Raised in rural Sun Prairie, Wisconsin, Roberts didn’t have much access to the art world as a child, but a preschool visit to her teacher’s brother’s art studio instilled an early fascination with painting. “Growing up, there was no model of a professional artist,” says Roberts. “It was just art teachers, so I figured I would be a high school art teacher.”

Roberts pursued education at University of Wisconsin in Madison before switching to a BFA [’00] that allowed her to devote more time to painting. She continued down that path with a master’s degree from Northwestern University, and the Evanston-based artist has been teaching ever since, currently at the School of the Art Institute in Chicago.

“Keiler has always nurtured a humble balance between curiosity and aspiration,” says Michelle Grabner, one of Roberts’s former professors at UWM and her current colleague at SAIC. “What made her one of my favorite undergraduates are the same qualities that make her an inspiring and effective teacher in the classroom now.”

In 2009, Roberts took a comics course at DePaul University taught by cartoonist Aaron Renier, who was intimidated to have another professor as a student. “She was fully formed,” says Renier. “Part of me thinks she didn’t even need to take my class. She used the class as an excuse to start.” Roberts created the first issue of her self-published comic, Powdered Milk, at DePaul.

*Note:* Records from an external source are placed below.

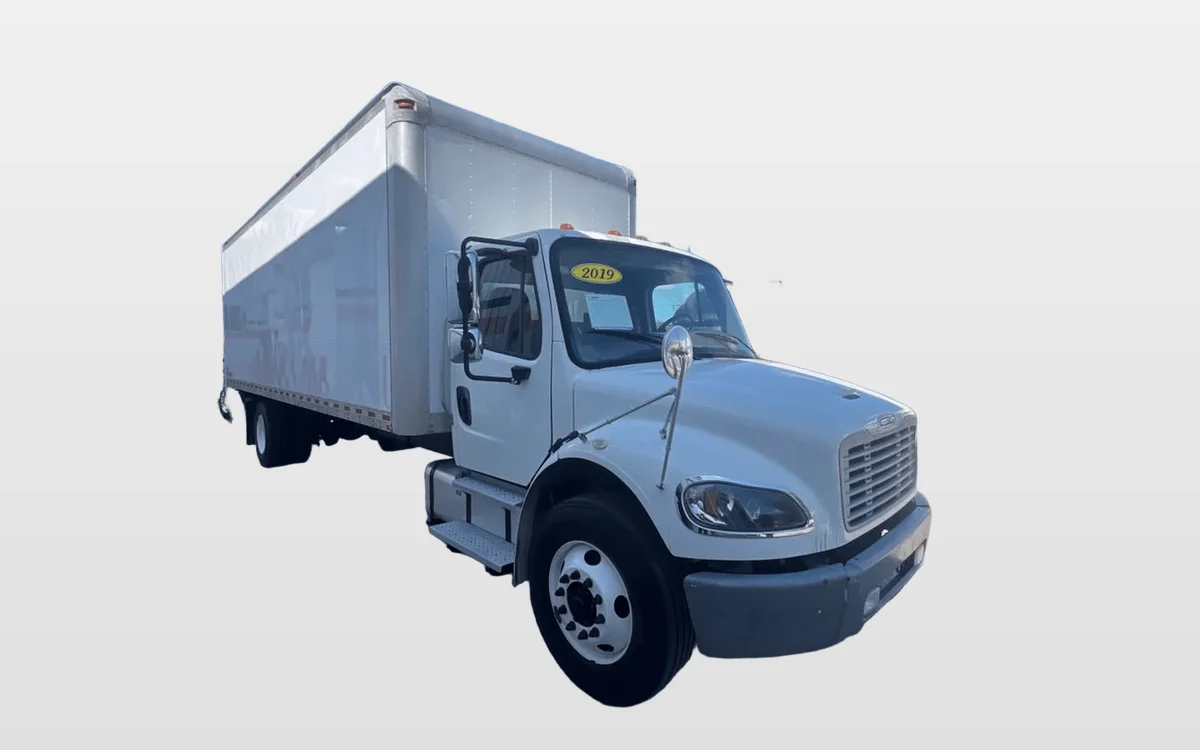 2019 Freightliner M2 106 - image 1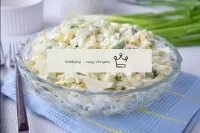 Assaisonner la salade avec un peu de mayonnaise et...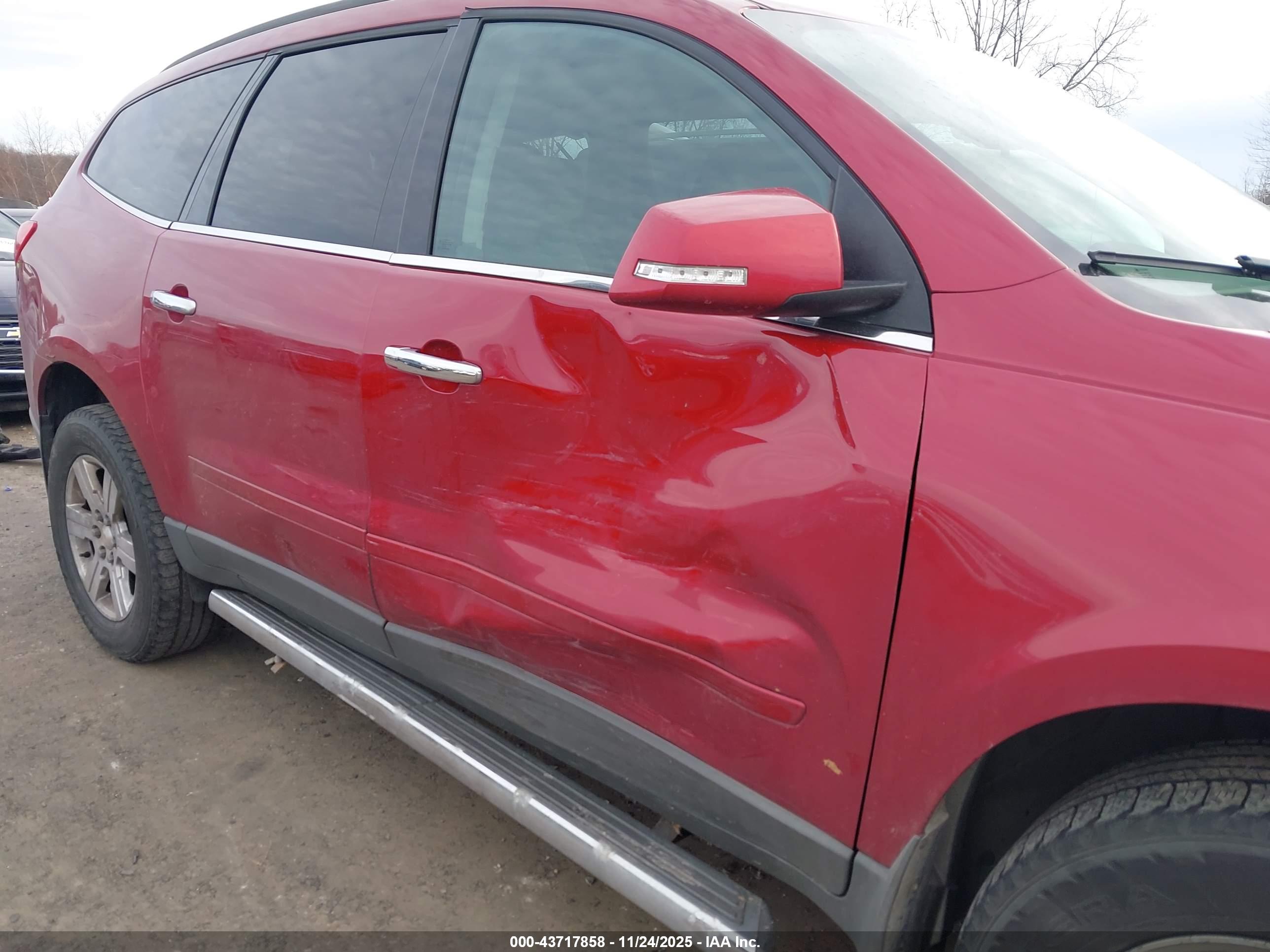 CHEVROLET TRAVERSE image 6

When it came to developing her aesthetic as a cartoonist, Roberts quickly realized she was most comfortable with the basics: black-and-white comics drawn with Micron pen on Bristol board. “There’s nothing luxurious or sensual about my drawing style or materials,” says Roberts. “What is the most direct way to draw something if you’re just trying to describe it clearly and fast? I’m not thinking about how to make this more beautiful or look more like ‘art.’”

Roberts met Annie Koyama of Koyama Press at the first Chicago Alternative Comics Expo (CAKE) in 2012, and while Roberts didn’t have much work to display, her mini-comics made an impression on the Toronto-based small-press publisher.